# Low viscosity honey?



## GregB (Dec 26, 2017)

Fizbi said:


> I cracked it open to try it out and I was shocked at how fast it poured out. Seriously? It was like thin syrup.
> I thought to myself, my bees don't make honey that runny. How can this be?
> 
> Can this be right? I'm thinking, no way. It has to be diluted somehow.


Very much likely this is honest honey just as it has been presented.

This is exactly the point I have been making in a parallel thread.
Bees will cap honey at whatever condition they feel is right.

Some of my honeys are, in fact, very runny.
This is how they have been capped.

People don't like to talk about it (as if it is some anathema OR it is not true).
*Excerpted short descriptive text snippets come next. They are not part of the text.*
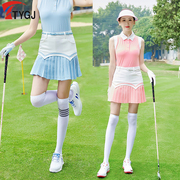 高尔夫球服装 女士短裙 防走光运动百褶裤裙 白蓝白粉色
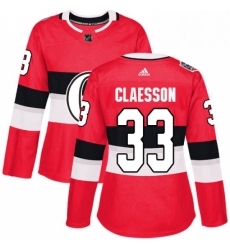 Womens Adidas Ottawa Senators 33 Fredrik Claesson Authentic Red 2017 100 Classic NHL Jersey 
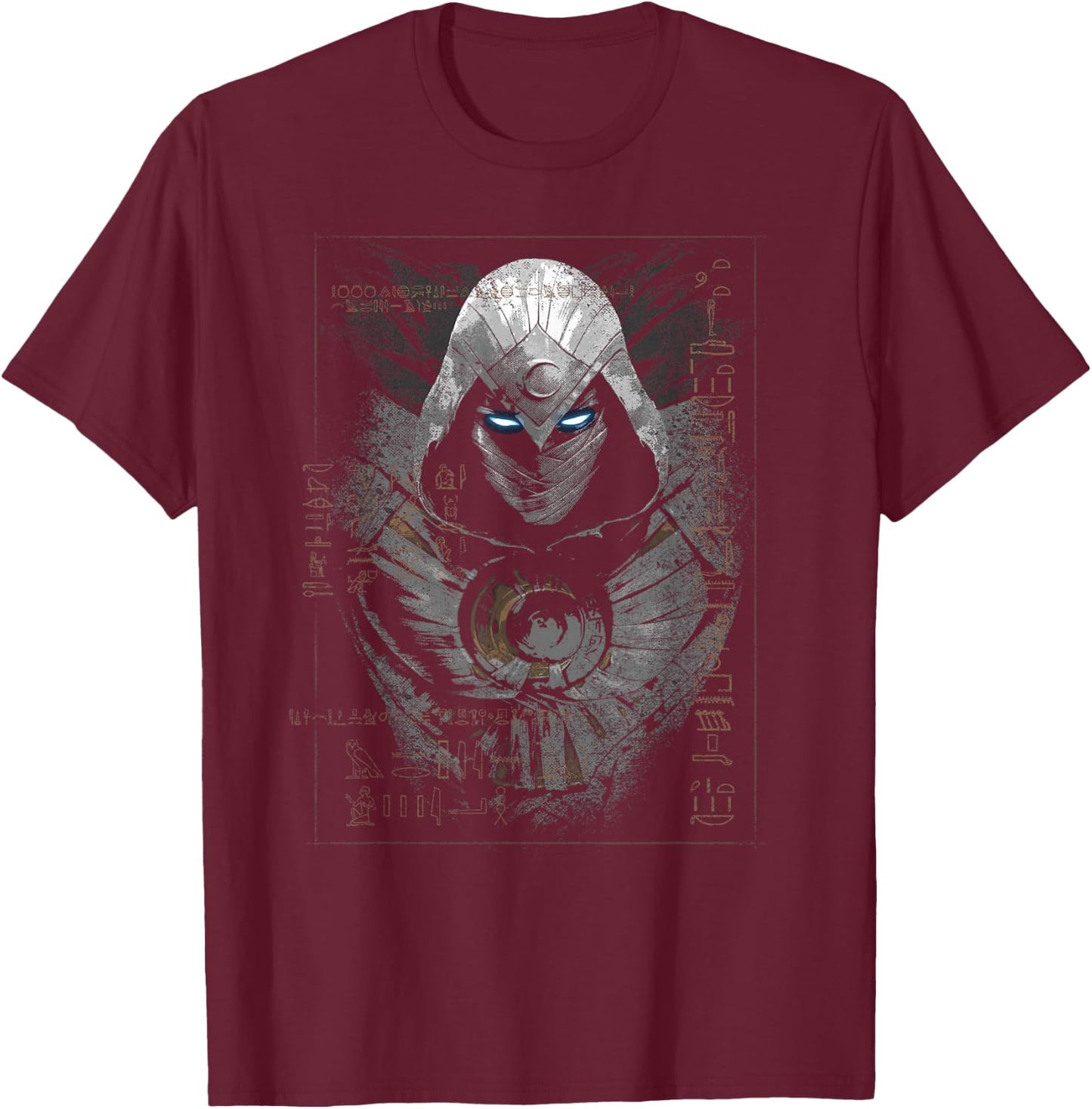 Marvel Moon Knight Glowing Eyes Egyptian Hieroglyphs T-Shirt - T-Shirt | Maroon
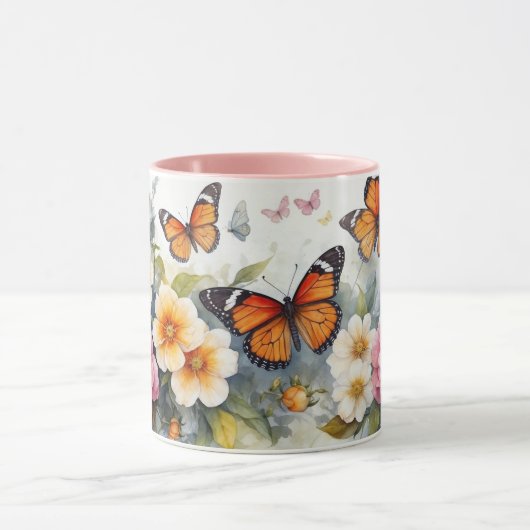 Waterverf Roze Serie Vlinder Bloem Mok (Midden)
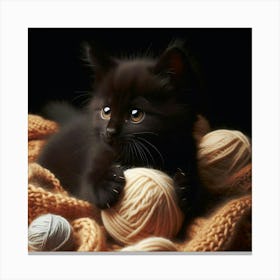Black Kitten With Balls Of Yarn Canvas Print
For example, here is a batch - these honey naturally separates into two fractions.
The top is very runny.
The bottom is solid at the moment.
It was runny when was extracted (yet it was capped).


----------



## Fizbi (Feb 25, 2021)

GregV said:


> Very much likely this is honest honey just as it has been presented.
> 
> This is exactly the point I have been making in a parallel thread.
> Bees will cap honey at whatever condition they feel is right.
> ...


Thanks, Probably explains the differences in my honey viscosity.


----------



## Gino45 (Apr 6, 2012)

Very runny doesn't sound quite right to me. Real thin honey could have been pulled by the beekeepers prior to being capped and reduced to proper storage moisture level. I can get some thin honey if I leave the cappings honey exposed for a few days. That's because in my humid climate it absorbs moisture. When this happens I keep that limited amount and use it for myself ASAP because, over time, it will ferment.


----------



## crofter (May 5, 2011)

Can we say that different source honey samples can vary in viscosity despite both being capped. Greg do you happen to have a source you could point us to that bees will sometimes cap honey at moisture levels as high as 25%

Bob Binnie had an interesting thread on honey and moisture. Indicated that inherent yeast levels and yeast type can affect fermentation or not at the same moisture levels. A honey which has been elevated in temperature can prevent the onset of fermentation. I see possible local conditions that could give rise to some conclusions that dont prove out in general practice. Binnie dries down honey to well below 18% if I remember his words correctly, before he will put his name on it as a packer of thousands of tons.


----------



## GregB (Dec 26, 2017)

crofter said:


> Greg do you happen to have a source you could point us to that bees will sometimes cap honey at moisture levels as high as 25%


Not a clue, Frank, about the sources.
It very well maybe NOT about the sources but about the *particular bees(?)*.
Yes, what about this? Why no one every said anything about this?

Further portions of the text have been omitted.